**Your objective:** Reproduction of part of the material below, pictures omitted: copy exactly, and only, the lines starting with the one with "Family Apartment |" and going on through the one with "House For Sale in Howick, Ontario".

**Study material:**
--

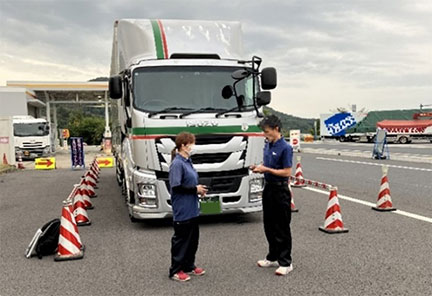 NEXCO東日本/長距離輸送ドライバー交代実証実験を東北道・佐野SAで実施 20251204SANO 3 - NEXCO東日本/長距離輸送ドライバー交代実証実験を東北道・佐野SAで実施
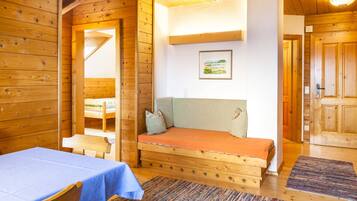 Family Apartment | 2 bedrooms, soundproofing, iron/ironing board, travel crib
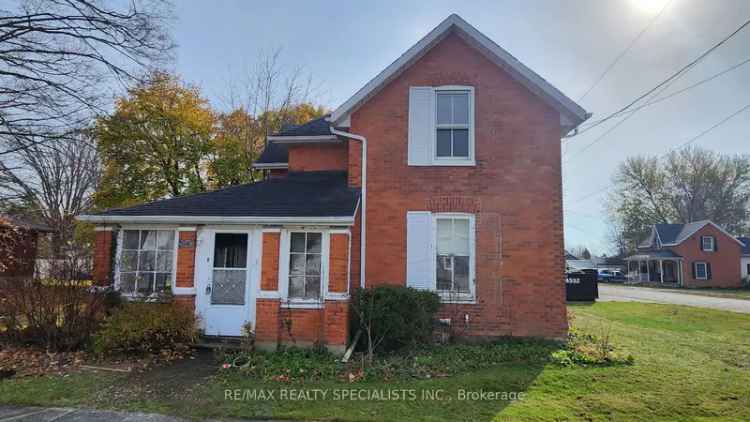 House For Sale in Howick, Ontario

--

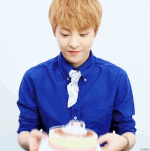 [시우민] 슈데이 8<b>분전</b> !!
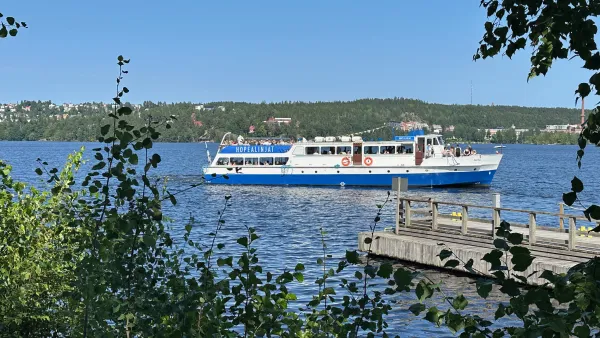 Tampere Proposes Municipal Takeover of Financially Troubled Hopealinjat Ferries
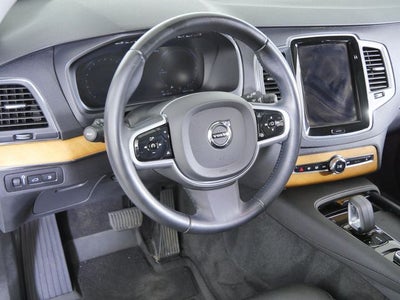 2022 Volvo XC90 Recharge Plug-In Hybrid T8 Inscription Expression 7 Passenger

--

**Written response:**
 Family Apartment | 2 bedrooms, soundproofing, iron/ironing board, travel crib
 House For Sale in Howick, Ontario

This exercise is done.